- _ASSIGNED TASK_: Please give the lines below again exactly as they stand, from the one that contains "爱尚购拼购商城~首码~对接团队~扶持政策~可实地考察~" up to and including the one that contains "Getting Started With", leaving all pictures out.

--

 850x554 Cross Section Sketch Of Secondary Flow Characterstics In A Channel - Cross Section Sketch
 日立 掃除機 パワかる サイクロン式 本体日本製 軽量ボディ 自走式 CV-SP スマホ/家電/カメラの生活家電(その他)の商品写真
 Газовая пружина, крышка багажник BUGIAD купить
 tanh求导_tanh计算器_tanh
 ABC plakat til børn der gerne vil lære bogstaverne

--

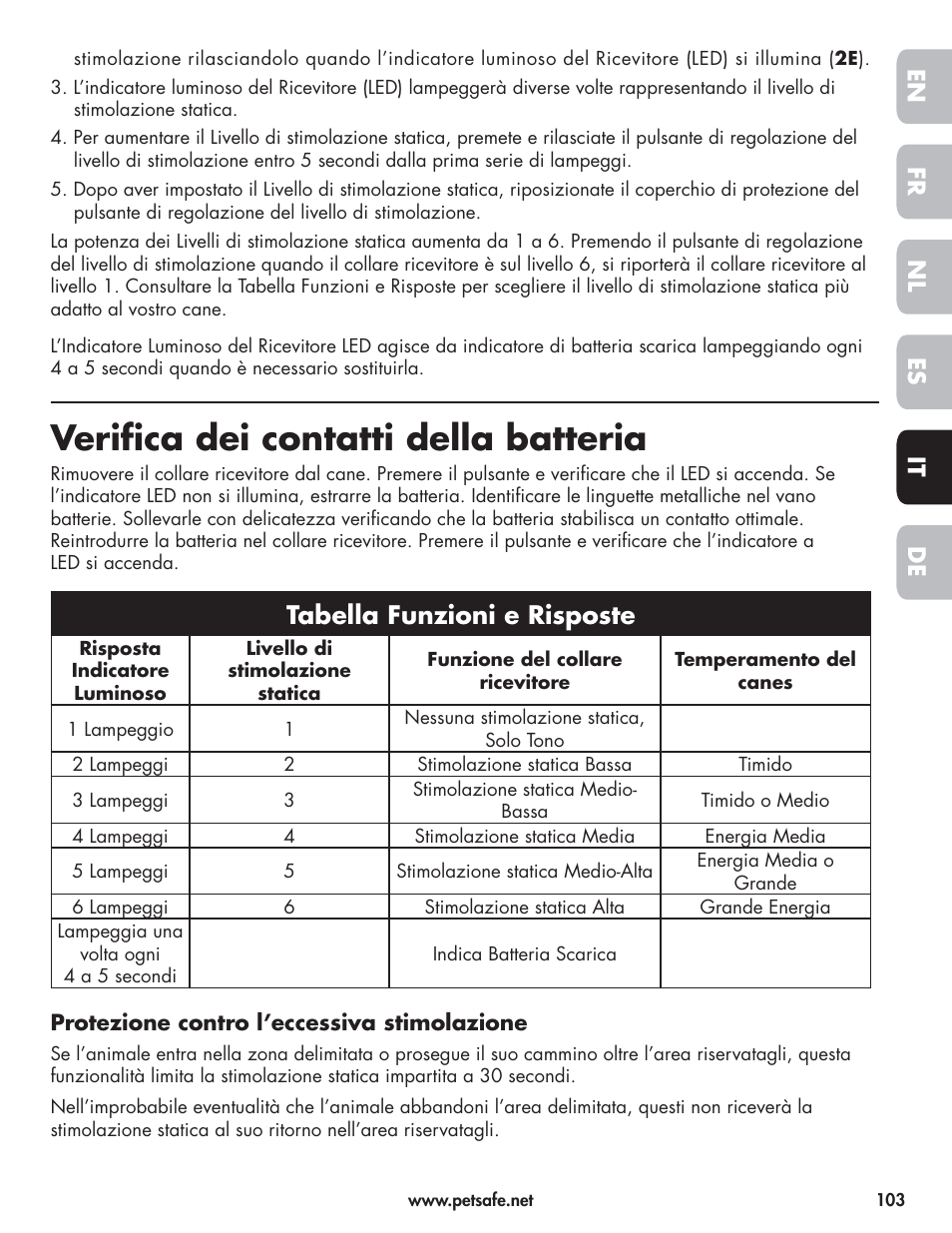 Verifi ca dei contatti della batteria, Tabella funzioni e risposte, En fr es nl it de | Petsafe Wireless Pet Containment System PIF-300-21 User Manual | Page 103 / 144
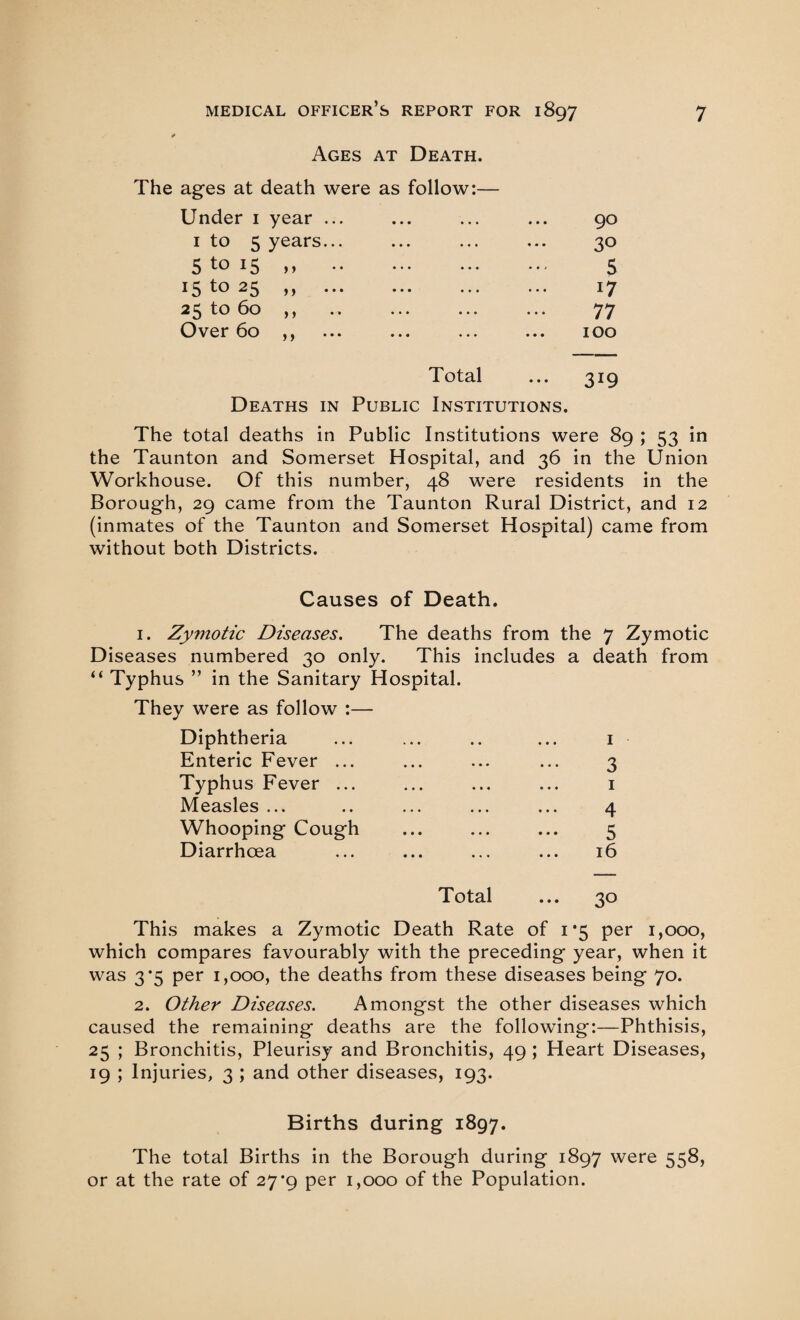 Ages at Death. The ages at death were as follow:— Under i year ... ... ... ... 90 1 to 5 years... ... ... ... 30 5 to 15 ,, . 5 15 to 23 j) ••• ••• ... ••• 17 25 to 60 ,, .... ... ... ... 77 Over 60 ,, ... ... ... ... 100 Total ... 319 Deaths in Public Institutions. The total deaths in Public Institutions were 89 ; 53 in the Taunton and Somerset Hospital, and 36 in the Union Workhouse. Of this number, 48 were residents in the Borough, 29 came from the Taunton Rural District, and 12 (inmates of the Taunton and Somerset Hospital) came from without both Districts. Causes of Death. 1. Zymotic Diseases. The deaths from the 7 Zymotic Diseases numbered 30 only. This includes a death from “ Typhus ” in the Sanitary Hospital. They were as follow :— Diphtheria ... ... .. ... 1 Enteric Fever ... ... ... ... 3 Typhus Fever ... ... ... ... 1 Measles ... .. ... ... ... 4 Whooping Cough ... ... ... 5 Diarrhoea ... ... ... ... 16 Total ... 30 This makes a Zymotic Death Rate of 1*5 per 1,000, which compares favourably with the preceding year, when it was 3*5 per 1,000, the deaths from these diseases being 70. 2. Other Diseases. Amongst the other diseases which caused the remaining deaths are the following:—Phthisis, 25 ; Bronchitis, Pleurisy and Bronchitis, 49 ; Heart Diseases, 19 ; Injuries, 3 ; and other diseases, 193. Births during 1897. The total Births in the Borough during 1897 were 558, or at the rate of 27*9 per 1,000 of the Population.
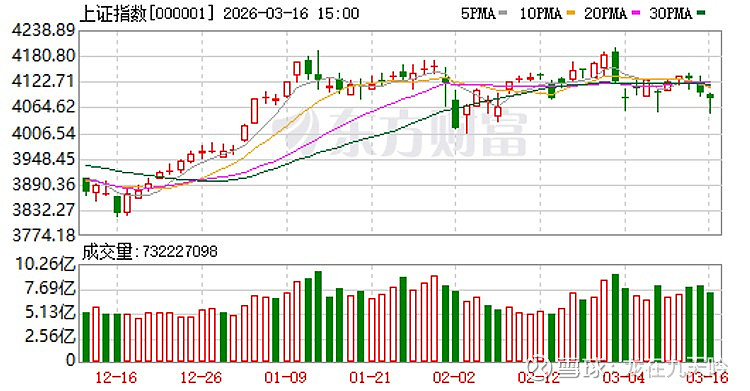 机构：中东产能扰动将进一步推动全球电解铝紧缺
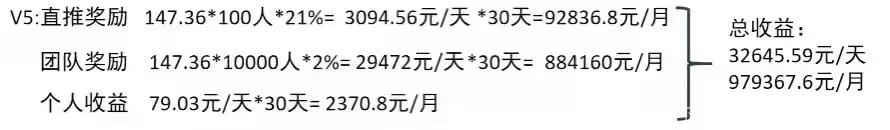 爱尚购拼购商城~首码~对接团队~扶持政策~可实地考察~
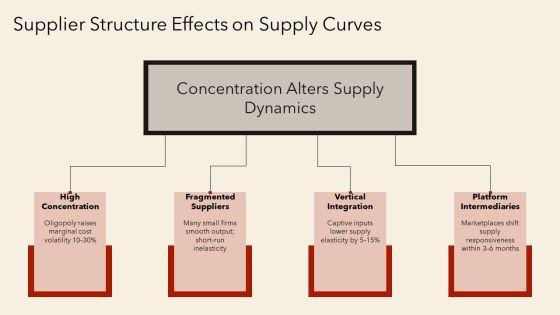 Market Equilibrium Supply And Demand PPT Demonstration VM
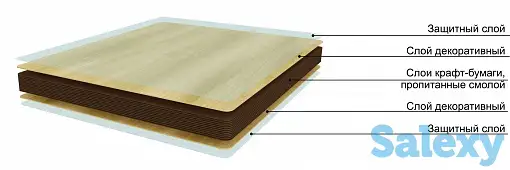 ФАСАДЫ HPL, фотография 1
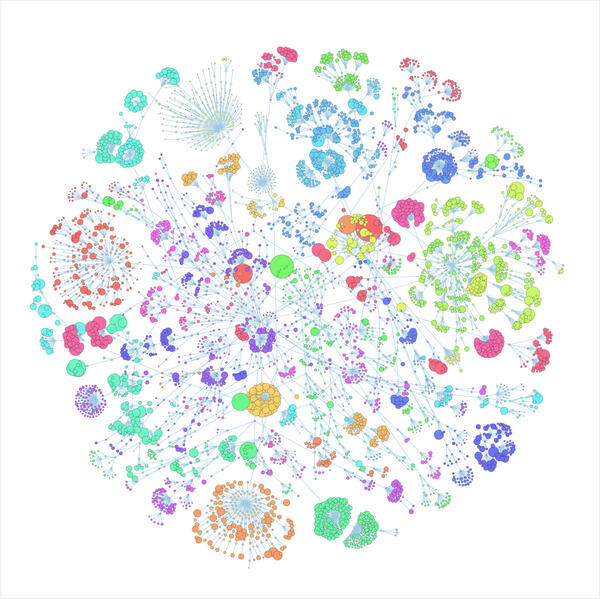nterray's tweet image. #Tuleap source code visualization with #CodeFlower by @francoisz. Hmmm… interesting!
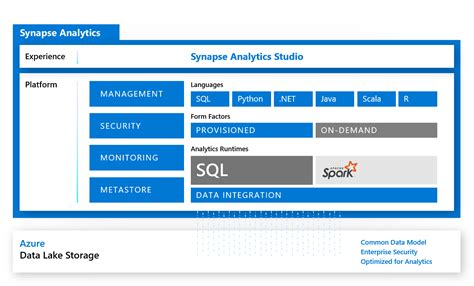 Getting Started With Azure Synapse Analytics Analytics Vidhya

--

- _REPLY TO THE TASK_:
 爱尚购拼购商城~首码~对接团队~扶持政策~可实地考察~
 Market Equilibrium Supply And Demand PPT Demonstration VM
 ФАСАДЫ HPL, фотография 1
nterray's tweet image. #Tuleap source code visualization with #CodeFlower by @francoisz. Hmmm… interesting!
 Getting Started With Azure Synapse Analytics Analytics Vidhya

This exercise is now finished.